═══ Supplied information ═══

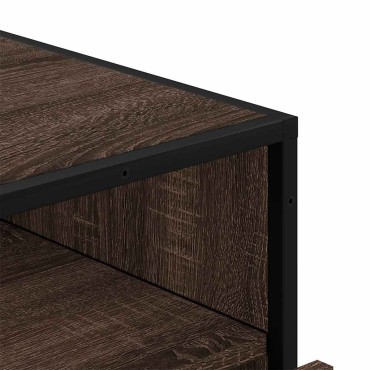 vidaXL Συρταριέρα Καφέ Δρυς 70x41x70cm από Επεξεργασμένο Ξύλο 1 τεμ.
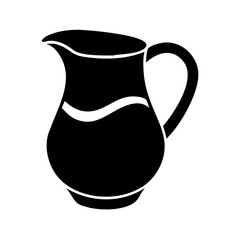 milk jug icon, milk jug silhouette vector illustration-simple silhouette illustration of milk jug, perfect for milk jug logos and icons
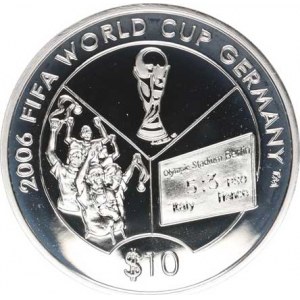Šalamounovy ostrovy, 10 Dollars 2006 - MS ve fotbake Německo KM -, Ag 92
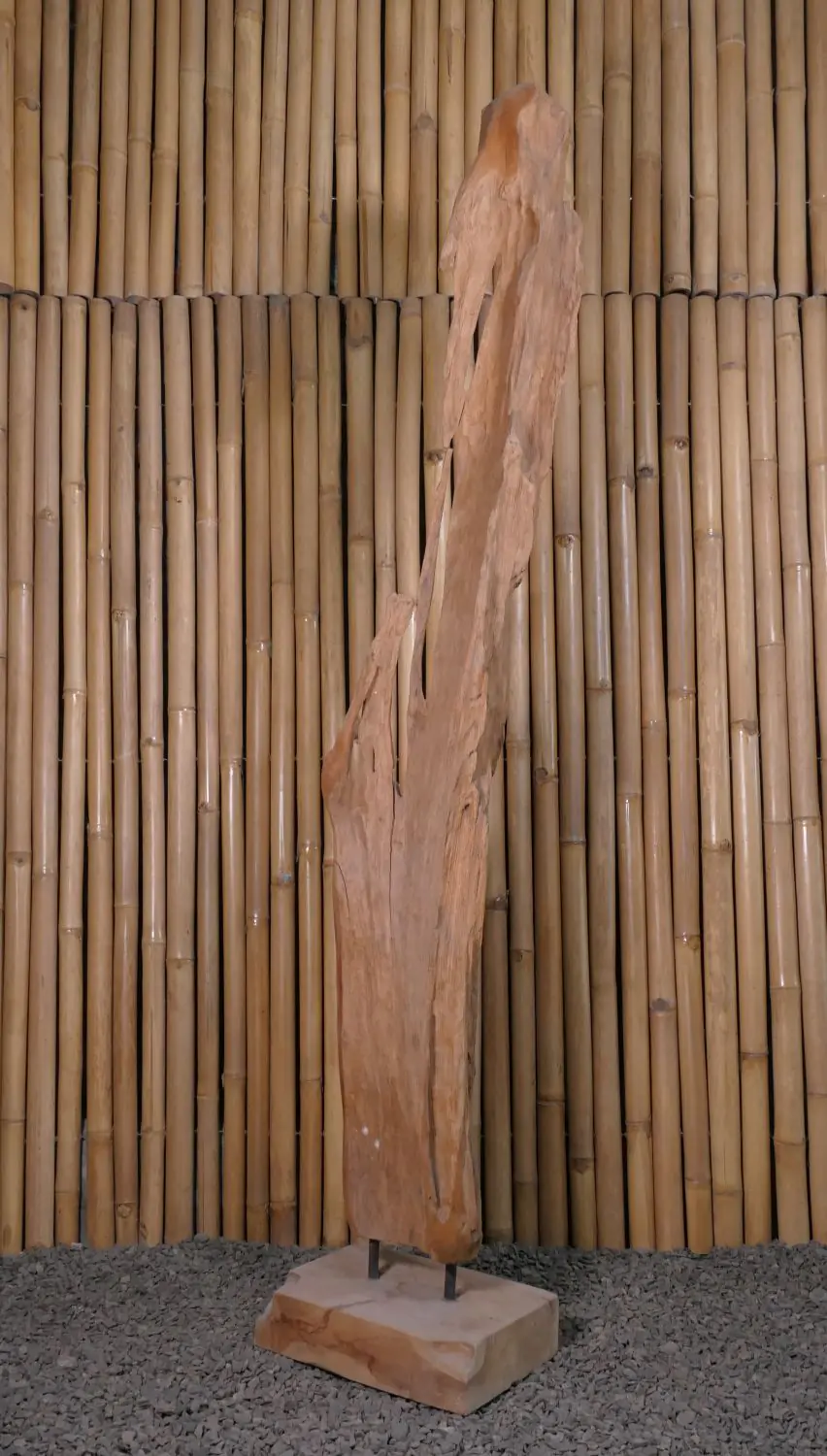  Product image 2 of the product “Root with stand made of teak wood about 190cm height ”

═══

Exercise details:
With pictures omitted, copy exactly the lines from the one containing "milk jug icon, milk" through the final line of the listing, both included.

Task response:
 milk jug icon, milk jug silhouette vector illustration-simple silhouette illustration of milk jug, perfect for milk jug logos and icons
Šalamounovy ostrovy, 10 Dollars 2006 - MS ve fotbake Německo KM -, Ag 92
  Product image 2 of the product “Root with stand made of teak wood about 190cm height ”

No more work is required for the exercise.